On Nov. 16, private lenders, officials from the Central Bank and President’s Office Minister Soe Thane met to discuss the state of Burma’s banking industry and its future when a new government is formed next year. In particular, attention was paid to one of the primary difficulties confronting commercial banks: a new reserve requirement ratio, or the percentage of deposits that a bank must keep on hand, that will come into effect soon.
The new regulation, decided upon in July and intended as a means of back-up funding, will require all banks to store 5 percent of their total deposits at the Central Bank in cash, whereas currently deposits can take the form of bonds or cash.

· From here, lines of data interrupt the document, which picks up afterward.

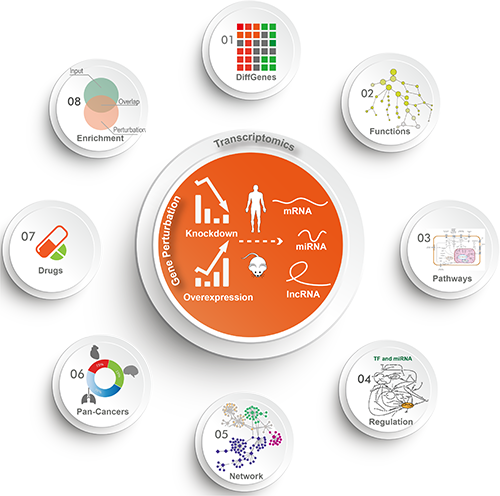 Quick Search, Start Typing Keywords, Press Esc To Close - Grading In Education (500x496), Png Download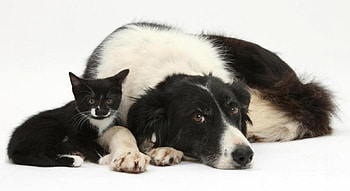 Collie And Kitten., kitten, border, friends, collie HD wallpaper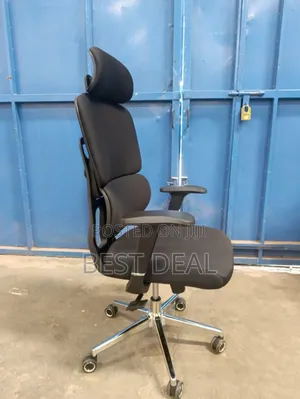 Ergonomic Orthopedic Office Chair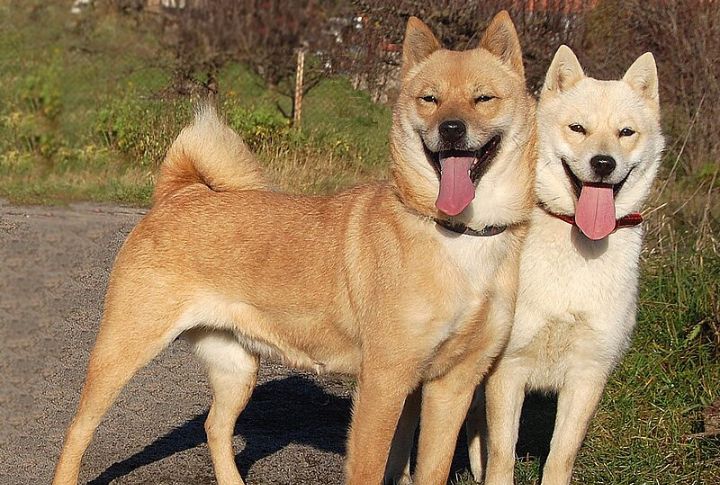 Hokkaido Inu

“Five percent is actually not too much, but the problem is that we’re not able to provide that amount in cash,” Pe Myint, managing director of the Cooperative Bank, told The Irrawaddy. “We’ve proposed to reduce this amount to 2 or 3 percent.”
Presently, 10 out of Burma’s 20 private banks are able to meet the 5 percent requirement, while the Central Bank’s decision is forcing the rest to send the amount in a more piecemeal fashion.
Than Lwin, a senior banking consultant for Kanbawza Bank, said he understands the reasoning behind the new regulation, but that the Central Bank should also take into consideration what is realistic for local banks, rather than leave them struggling.
“As the country continues to develop, the Central Bank must bear in mind that the market will also change, meaning that it [the Central Bank] must constantly be flexible with its regulations,” he said.
The Asia Green Development Bank is one such bank that sees no alternative than to gradually send money to the Central Bank so that it does not harm its standing in the market. Soe Thein, its executive director, is calling for a bit more flexibility in a society that is still predominantly cash-based.
“We [bankers] accept the 5 percent regulation. What we want is just more time to be able to give this cash to the Central Bank,” he said.
Though the local banking industry today is better than it was even five years ago, many believe that the Central Bank, which became an independent body after Burma’s quasi-civilian government came to power in 2011, has not been doing enough to drive further improvement in the financial sector. For instance, it has been roundly criticized for its lack of transparency with regard to how much money it has in its reserves.
Looking ahead to the next government, Than Lwin said: “The Central Bank must be far more aware of ground-level situations in the market.”